Perfect Wilco (door @gasolinebrother, Leon Geuyen)

Gasoline Brother Leon Geuyen komt op buurblog EHPO regelmatig voorbij als uiterst succesvol topmarketeer, ongeëvenaarde Eigenbeheer-held en gôh-leuke-dingen-voor-de-mensengoeroe. Altijd in voor een gebbetje. Wat schetste onze verbazing dat hij naast drummer en wielerfanaat ook groot muziekliefhebber bleek? Hij houdt gewoon van muziek! Wie had dat gedacht?! En wat voor muziek: pretentieuze, experimentele alt. country van mannen-met-baarden (The Gasoline Brothers dragen zelf liever een bril)! Perfect Wilco dus. Wat een band. Onder het artwork legt Leon uit waarom.

HIER de Perfect download, HIER de Perfect op Spotify. Enjoy!



"Ik ontdekte de alt. countryband Uncle Tupelo toen ze net twee weken uit elkaar waren, in 1994. Een goede vriend van me had ze eerder gezien als voorprogramma van Bob Mould’s Sugar en wist zeker dat het wat voor mij zou zijn: “R.E.M. meets punk meets toffe country-instrumenten”. Maar eigenwijs als ik was negeerde ik ze. En toen ik zijn mixtape eindelijk ging luisteren (en van mijn stoel viel), bleek de band dus niet meer te bestaan. De beide voormannen van Uncle Tupelo, gitarist Jay Farrar en bassist (!) Jeff Tweedy, bleven allebei actief. De eerste richtte Son Volt op, terwijl Tweedy met de overgebleven leden van de laatste Tupelo-bezetting de band Wilco vormde.

Aanvankelijk sprak Farrar’s werk met Son Volt me meer aan dan Wilco. Son Volt bleef dichter bij de stijl van Uncle Tupelo en de karakteristieke stem van Farrar behield een tijdlang zijn aantrekkingskracht.

Gaandeweg werd echter duidelijk dat Wilco de interessantere band van de twee was. Jeff Tweedy ontwikkelde zich razendknap als songschrijver.
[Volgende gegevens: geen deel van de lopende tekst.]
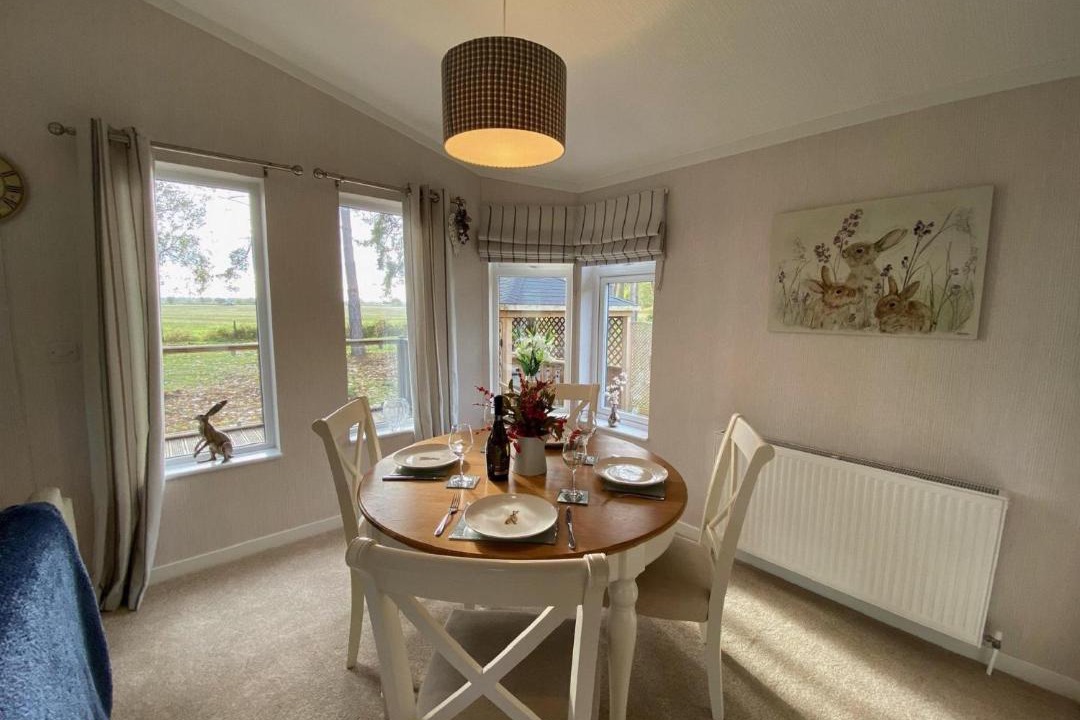 Photo of Livingroom in Ryther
Had de dubbelaar ‘Being There’ (1996) nog wat last van onevenwichtigheid, op ‘Summerteeth’ (1999) en vooral ‘Yankee Hotel Foxtrot’ (2001) vond Tweedy zijn vorm en idioom. Dat idioom is breed: van bijna-traditionele country via pure pop naar krautrock. Tel daarbij op dat Wilco niet vies is van experimenten (samples, soundscapes, complexe arrangementen) en je kunt je voorstellen dat Wilco wordt vergeleken met een band als Radiohead.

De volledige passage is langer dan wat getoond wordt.